An embarrassing climate measurement mistake


Governments around the world are making expensive decisions designed to combat global warming based on the evidence provided by scientists showing that world temperatures are in fact rising. Most influential among those scientists is Dr James Hansen of Nasa's Goddard Institute for Space Studies (GISS) who has tackled the complex task of taking the readings from thousands of individual meteorological measuring stations to come up a virtual temperature reading for the world as a whole. So when GISS pronounced earlier this month that October 2008 was the warmest October on record there was a heightened sense of alarm among those with the task of reaching an international agreement to stop the dreaded gas emissions held to be responsible.


How embarrassing, then, that GISS has now had to withdraw its alarmist findings. Last month was only shown to be the hottest ever because the data Dr Hansen put in to his wonderfully powerful computer was substantially wrong.

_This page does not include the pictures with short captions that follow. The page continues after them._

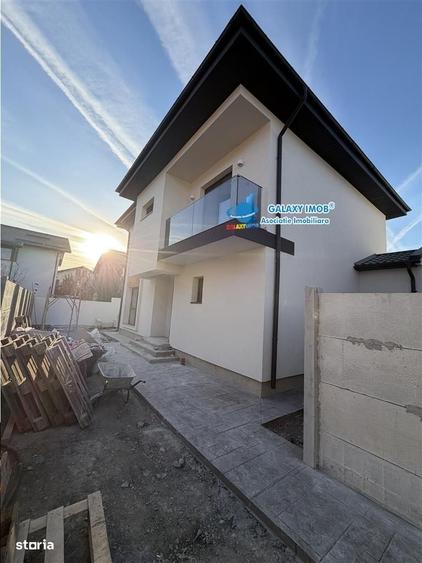 Casă cu 4 camere cu Teren 250 Mp în Central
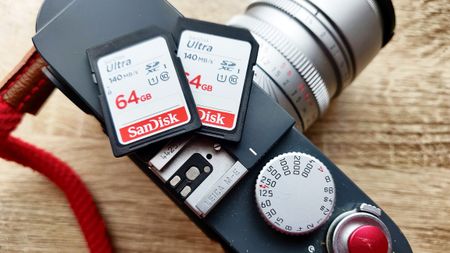 SanDisk 64GB Ultra SDXC UHS-I cards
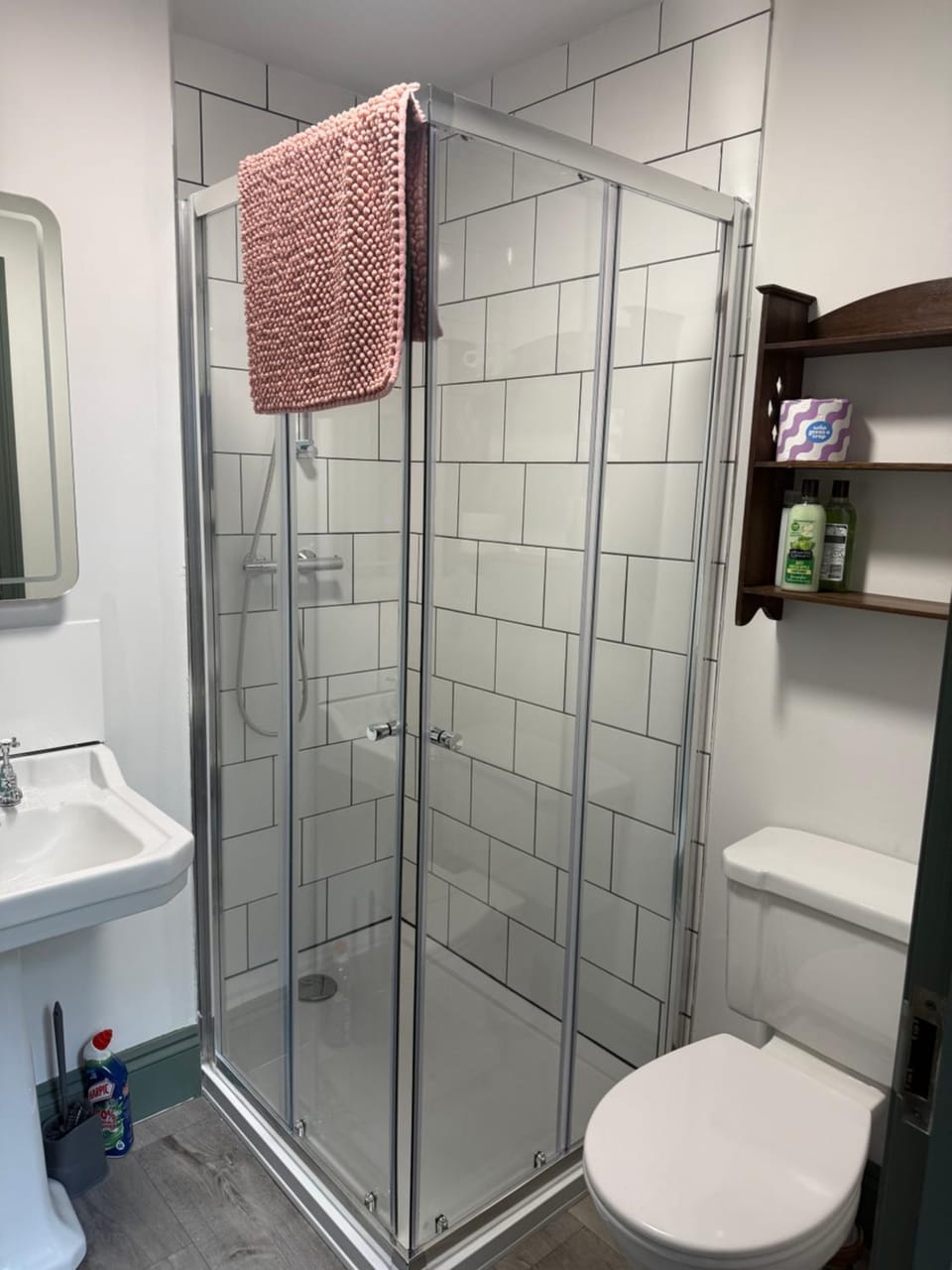 Shower, Toilet, Bathroom, towels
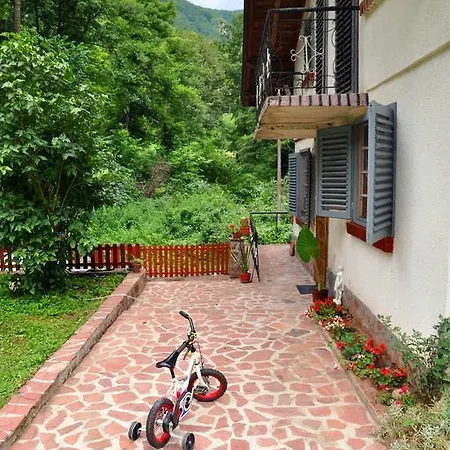 House By The River Teteven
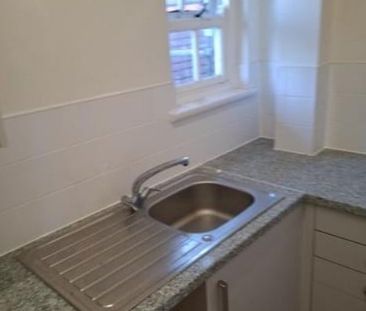 2 Bed Flat, Knighton Drive, LE2 - Photo 5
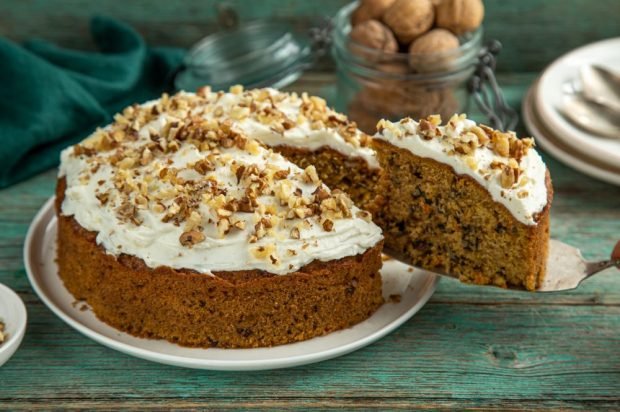 Carrot cake with nuts and cottage cheese icing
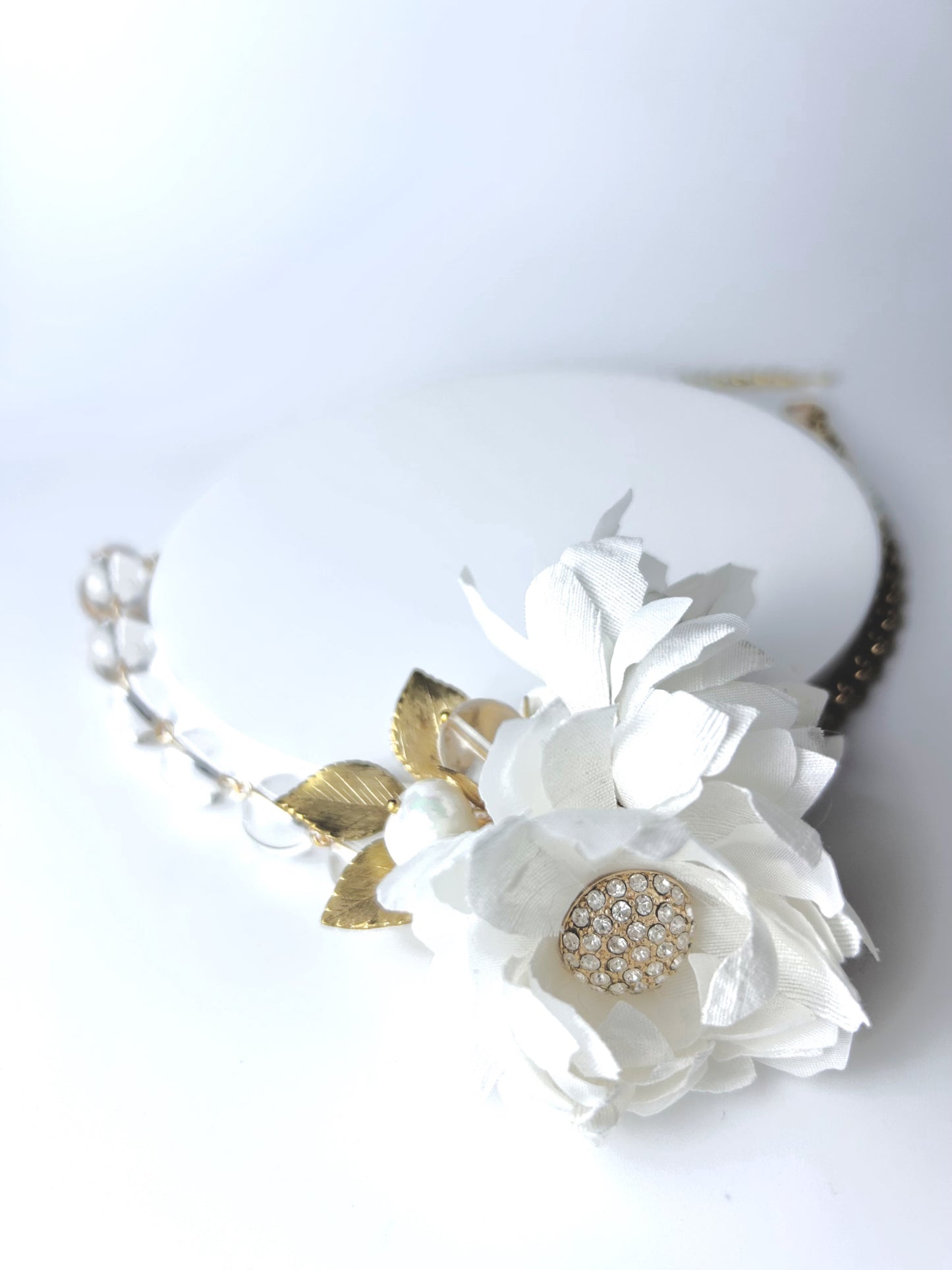Luxury silk flowers, pearls & glass necklace - Style 0551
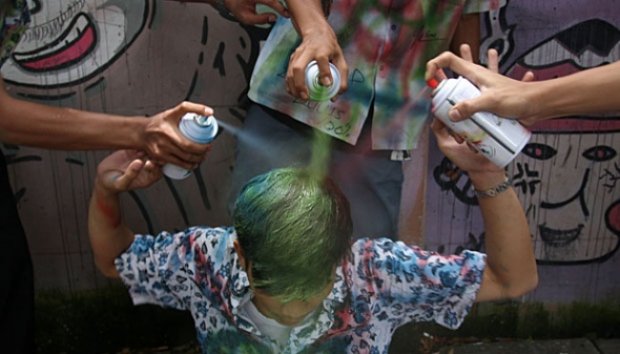 Baru selesai ujian aja udah coret2, lulus aja belum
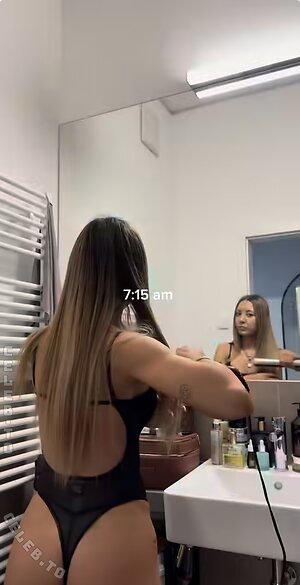 Merve Özkan Nude Leaked Photo #93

You can get the picture from this pair of pictures which show a before the correction and after the correction computerised map of the world temperature in October. In the first map you will notice a large area of dark brown over Russia indicating average temperatures that were eight degrees and more above the average in the base period from 1951 to 1980. In the second map the brown has retreated considerably after a couple of sceptical climate change blogs, Watts Up With That and Climate Audit, began detailed analysis of the GISS data and made an astonishing discovery. As Christopher Booker reported in the London Daily Telegraph: "The reason for the freak figures was that scores of temperature records from Russia and elsewhere were not based on October readings at all. Figures from the previous month had simply been carried over and repeated two months running."

With itsw credibility under attack, GISS was forced into damage control. To quote Christopher Booker again:


"GISS began hastily revising its figures. This only made the confusion worse because, to compensate for the lowered temperatures in Russia, GISS claimed to have discovered a new 'hotspot' in the Arctic - in a month when satellite images were showing Arctic sea-ice recovering so fast from its summer melt that three weeks ago it was 30 per cent more extensive than at the same time last year.
A GISS spokesman lamely explained that the reason for the error in the Russian figures was that they were obtained from another body, and that GISS did not have resources to exercise proper quality control over the data it was supplied with. This is an astonishing admission: the figures published by Dr Hansen's institute are not only one of the four data sets that the UN's Intergovernmental Panel on Climate Change (IPCC) relies on to promote its case for global warming, but they are the most widely quoted, since they consistently show higher temperatures than the others."